Product Science Overview
The testis is a vital organ in the male reproductive system, responsible for the production of sperm and the synthesis of hormones essential for male sex characteristics. The testis-specific proteome is a complex and highly specialized collection of proteins that play crucial roles in spermatogenesis and hormone production. Among these proteins, the testis-derived transcript (human recombinant) is of particular interest due to its unique expression patterns and functions.
The human testis-specific proteome has been extensively studied using transcriptomics and antibody-based profiling. Transcriptome analysis reveals that approximately 77% of all human proteins are expressed in the testis, with 1992 genes showing elevated expression compared to other tissues . This elevated expression can be categorized into three subtypes: tissue-enriched, group-enriched, and tissue-enhanced . The testis has the highest number of tissue-specific genes, indicating its unique and specialized functions .
The primary function of the testis is to produce haploid germ cells necessary for reproduction. This process, known as spermatogenesis, involves a series of highly coordinated events that occur within the seminiferous ducts . Spermatogonial stem cells divide mitotically to form spermatogonia, which then undergo several rounds of mitosis to develop into primary and secondary spermatocytes. These spermatocytes divide by meiosis to form spermatids, which eventually differentiate into sperm .
In addition to spermatogenesis, the testis also produces hormones, such as testosterone, which are crucial for the development of male sex characteristics.

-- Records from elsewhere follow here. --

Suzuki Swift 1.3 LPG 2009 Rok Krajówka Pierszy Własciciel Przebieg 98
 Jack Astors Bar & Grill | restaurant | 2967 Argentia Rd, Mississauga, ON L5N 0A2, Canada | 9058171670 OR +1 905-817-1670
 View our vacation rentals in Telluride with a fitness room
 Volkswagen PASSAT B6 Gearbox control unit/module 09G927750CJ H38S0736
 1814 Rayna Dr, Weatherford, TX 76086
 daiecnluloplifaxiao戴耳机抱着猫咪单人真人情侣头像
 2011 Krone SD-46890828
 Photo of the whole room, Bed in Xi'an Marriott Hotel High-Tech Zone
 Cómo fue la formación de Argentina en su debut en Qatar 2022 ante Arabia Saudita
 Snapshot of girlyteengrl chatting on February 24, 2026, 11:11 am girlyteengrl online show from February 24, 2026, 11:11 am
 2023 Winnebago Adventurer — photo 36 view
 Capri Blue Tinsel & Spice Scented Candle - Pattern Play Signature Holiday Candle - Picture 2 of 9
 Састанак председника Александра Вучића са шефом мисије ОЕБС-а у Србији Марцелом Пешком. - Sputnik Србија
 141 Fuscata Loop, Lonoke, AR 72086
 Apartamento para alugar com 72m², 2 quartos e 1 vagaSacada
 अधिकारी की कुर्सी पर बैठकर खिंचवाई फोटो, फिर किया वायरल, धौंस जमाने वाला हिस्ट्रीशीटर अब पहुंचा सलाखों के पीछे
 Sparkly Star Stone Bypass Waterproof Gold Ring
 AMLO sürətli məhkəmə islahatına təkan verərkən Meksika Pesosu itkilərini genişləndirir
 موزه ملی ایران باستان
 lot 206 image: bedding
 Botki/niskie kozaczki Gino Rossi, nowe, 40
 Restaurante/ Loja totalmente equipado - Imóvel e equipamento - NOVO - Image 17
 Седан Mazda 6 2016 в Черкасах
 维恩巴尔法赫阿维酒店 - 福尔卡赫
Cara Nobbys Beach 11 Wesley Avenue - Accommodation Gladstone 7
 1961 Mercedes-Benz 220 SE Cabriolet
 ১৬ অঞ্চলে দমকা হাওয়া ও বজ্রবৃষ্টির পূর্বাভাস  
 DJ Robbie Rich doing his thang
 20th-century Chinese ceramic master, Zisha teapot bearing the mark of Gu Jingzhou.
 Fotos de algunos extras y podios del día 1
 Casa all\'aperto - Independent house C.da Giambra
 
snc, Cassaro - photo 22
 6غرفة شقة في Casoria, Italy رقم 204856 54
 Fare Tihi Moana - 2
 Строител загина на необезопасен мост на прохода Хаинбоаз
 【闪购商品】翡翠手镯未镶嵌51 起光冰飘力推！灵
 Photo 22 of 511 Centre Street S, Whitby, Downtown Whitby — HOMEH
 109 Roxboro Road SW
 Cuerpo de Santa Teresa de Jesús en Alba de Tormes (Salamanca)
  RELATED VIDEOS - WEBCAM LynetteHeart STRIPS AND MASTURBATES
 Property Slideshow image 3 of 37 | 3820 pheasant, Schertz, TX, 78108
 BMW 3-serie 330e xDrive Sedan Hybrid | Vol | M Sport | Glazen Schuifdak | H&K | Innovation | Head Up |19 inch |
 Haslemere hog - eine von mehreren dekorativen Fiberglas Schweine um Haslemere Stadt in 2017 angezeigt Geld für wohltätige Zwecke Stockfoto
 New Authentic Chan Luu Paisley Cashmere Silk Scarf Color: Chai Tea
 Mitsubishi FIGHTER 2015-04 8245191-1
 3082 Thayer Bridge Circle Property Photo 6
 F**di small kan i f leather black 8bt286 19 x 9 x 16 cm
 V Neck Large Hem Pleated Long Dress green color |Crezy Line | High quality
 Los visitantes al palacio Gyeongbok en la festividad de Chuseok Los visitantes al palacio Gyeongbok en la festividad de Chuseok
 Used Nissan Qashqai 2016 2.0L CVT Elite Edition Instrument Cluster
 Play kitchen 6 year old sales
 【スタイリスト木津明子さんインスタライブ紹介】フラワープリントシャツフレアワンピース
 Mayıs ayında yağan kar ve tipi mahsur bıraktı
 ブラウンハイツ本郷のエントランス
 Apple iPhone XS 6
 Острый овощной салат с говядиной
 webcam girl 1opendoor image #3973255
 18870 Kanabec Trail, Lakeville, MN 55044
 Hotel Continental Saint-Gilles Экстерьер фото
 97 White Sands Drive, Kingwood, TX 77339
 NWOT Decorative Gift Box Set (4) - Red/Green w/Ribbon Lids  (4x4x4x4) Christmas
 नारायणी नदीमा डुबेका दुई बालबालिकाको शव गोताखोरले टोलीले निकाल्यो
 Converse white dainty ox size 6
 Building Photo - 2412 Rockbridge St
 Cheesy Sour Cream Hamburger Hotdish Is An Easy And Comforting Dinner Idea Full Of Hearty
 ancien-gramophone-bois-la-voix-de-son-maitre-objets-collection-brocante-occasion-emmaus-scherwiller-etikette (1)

Leydig cells, located outside the seminiferous ducts, are responsible for hormone synthesis .
The testis-derived transcript (human recombinant) refers to a specific mRNA or protein that is produced recombinantly in a laboratory setting. Recombinant proteins are typically produced by inserting the gene encoding the protein of interest into a suitable expression system, such as bacteria, yeast, or mammalian cells. This allows for the large-scale production of the protein for research or therapeutic purposes.
In the context of the testis, recombinant proteins can be used to study the functions of testis-specific genes and their roles in spermatogenesis and hormone production. For example, recombinant proteins can be used to investigate the localization and function of specific proteins within the testis, as well as their interactions with other proteins and cellular components .
The study of testis-derived transcripts and recombinant proteins has significant implications for understanding male reproductive biology and developing treatments for male infertility. By characterizing the molecular components of the testis, researchers can identify potential targets for therapeutic intervention and develop strategies to enhance or restore fertility.
Furthermore, the use of recombinant proteins in research allows for the detailed investigation of protein functions and interactions, providing valuable insights into the complex processes that govern spermatogenesis and hormone production. As our understanding of the testis-specific proteome continues to grow, new opportunities for therapeutic development and clinical applications will emerge.